From the line with "99 style Hello" through the line with "Procesoru dzesētājs Thermalright", repeat the entries verbatim, both end lines included, and add nothing.

**Task material:**
++++++++++++++++++++

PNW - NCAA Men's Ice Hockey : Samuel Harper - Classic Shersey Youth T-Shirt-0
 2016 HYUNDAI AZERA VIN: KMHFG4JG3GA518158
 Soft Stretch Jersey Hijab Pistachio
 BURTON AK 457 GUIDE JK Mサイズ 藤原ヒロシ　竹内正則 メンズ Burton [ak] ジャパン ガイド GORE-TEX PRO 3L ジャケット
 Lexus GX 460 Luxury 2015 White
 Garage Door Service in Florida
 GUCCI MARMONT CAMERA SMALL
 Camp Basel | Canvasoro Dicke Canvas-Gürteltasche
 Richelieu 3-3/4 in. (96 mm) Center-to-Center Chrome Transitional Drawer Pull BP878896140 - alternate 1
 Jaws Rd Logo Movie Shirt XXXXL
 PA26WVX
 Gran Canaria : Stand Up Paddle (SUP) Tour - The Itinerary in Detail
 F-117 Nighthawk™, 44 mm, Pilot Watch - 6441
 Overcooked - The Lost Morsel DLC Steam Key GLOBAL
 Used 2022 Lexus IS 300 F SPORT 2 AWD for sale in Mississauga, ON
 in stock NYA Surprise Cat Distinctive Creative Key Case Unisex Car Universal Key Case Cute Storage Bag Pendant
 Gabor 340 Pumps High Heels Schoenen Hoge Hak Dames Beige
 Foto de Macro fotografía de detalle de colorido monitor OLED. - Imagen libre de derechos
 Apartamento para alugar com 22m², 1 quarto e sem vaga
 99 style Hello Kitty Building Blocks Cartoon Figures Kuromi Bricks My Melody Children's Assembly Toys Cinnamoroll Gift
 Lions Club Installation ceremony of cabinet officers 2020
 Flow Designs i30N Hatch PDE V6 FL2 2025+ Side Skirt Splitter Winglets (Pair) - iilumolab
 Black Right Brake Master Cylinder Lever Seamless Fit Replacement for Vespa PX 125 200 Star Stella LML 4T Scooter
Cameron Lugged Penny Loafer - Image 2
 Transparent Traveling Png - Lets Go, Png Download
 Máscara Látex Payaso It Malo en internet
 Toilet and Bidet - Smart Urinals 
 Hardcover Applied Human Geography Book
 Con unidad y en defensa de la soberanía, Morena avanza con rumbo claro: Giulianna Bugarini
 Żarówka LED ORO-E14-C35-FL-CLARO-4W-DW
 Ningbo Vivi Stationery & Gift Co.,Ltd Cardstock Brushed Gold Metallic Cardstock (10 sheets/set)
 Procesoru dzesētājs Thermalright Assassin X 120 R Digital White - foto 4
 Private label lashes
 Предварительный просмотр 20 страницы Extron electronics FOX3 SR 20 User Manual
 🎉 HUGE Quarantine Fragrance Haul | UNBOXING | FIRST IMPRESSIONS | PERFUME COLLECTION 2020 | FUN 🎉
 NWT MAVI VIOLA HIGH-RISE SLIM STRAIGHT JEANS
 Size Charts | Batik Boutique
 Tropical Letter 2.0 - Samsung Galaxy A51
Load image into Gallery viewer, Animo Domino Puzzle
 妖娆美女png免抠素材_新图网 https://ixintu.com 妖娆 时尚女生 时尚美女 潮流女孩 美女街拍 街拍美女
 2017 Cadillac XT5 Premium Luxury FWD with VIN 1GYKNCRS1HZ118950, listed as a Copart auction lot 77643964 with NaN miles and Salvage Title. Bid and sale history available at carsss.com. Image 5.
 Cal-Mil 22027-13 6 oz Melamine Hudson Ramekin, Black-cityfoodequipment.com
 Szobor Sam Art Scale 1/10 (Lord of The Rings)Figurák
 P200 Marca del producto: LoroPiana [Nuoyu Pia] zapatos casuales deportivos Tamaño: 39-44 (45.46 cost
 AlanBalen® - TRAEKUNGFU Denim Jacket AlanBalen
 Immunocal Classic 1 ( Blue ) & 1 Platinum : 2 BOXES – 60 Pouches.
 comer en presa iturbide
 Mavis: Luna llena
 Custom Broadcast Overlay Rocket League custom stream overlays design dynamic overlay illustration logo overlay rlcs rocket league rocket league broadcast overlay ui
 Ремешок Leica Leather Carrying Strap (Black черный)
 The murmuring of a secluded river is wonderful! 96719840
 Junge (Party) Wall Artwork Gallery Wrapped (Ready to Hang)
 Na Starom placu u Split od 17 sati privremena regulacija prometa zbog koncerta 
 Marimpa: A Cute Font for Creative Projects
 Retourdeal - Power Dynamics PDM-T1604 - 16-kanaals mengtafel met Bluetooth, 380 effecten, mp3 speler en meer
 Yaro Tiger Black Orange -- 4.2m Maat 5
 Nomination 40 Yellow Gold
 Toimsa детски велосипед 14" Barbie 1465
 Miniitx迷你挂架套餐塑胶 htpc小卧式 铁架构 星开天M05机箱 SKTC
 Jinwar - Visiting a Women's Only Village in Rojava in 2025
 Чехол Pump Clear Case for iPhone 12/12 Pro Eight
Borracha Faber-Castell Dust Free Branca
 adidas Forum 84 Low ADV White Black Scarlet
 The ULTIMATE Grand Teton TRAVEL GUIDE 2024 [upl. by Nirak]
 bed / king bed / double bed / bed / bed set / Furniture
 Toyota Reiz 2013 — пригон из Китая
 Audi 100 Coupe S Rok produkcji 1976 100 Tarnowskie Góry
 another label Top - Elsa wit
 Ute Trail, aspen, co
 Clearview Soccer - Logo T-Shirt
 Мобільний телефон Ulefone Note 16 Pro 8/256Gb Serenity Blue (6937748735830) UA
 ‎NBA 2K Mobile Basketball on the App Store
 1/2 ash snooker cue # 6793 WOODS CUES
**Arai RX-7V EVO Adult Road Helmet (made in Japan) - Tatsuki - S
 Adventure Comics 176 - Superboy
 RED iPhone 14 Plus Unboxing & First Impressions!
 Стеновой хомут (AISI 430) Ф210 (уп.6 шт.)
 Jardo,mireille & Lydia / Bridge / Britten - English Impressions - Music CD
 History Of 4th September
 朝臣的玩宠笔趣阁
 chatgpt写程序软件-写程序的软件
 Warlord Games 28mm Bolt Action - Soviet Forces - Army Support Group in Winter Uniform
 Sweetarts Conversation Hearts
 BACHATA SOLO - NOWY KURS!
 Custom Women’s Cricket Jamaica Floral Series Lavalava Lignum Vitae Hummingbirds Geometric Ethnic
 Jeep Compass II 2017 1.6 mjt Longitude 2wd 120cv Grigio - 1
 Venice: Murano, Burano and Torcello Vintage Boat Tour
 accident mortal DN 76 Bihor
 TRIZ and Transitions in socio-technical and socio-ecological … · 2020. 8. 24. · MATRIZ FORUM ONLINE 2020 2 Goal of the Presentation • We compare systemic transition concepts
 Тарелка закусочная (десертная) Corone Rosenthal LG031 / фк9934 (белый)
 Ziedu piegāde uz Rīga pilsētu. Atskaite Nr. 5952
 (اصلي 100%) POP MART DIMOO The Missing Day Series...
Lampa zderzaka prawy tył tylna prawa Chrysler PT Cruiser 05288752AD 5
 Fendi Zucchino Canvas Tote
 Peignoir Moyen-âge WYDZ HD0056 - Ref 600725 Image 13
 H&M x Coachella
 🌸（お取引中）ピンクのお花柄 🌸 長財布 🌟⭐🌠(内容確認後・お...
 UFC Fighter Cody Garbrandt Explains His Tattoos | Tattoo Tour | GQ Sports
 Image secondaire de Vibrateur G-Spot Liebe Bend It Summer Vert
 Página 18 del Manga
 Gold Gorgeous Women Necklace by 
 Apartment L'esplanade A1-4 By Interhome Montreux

++++++++++++++++++++

**The answer:**
 99 style Hello Kitty Building Blocks Cartoon Figures Kuromi Bricks My Melody Children's Assembly Toys Cinnamoroll Gift
 Lions Club Installation ceremony of cabinet officers 2020
 Flow Designs i30N Hatch PDE V6 FL2 2025+ Side Skirt Splitter Winglets (Pair) - iilumolab
 Black Right Brake Master Cylinder Lever Seamless Fit Replacement for Vespa PX 125 200 Star Stella LML 4T Scooter
Cameron Lugged Penny Loafer - Image 2
 Transparent Traveling Png - Lets Go, Png Download
 Máscara Látex Payaso It Malo en internet
 Toilet and Bidet - Smart Urinals 
 Hardcover Applied Human Geography Book
 Con unidad y en defensa de la soberanía, Morena avanza con rumbo claro: Giulianna Bugarini
 Żarówka LED ORO-E14-C35-FL-CLARO-4W-DW
 Ningbo Vivi Stationery & Gift Co.,Ltd Cardstock Brushed Gold Metallic Cardstock (10 sheets/set)
 Procesoru dzesētājs Thermalright Assassin X 120 R Digital White - foto 4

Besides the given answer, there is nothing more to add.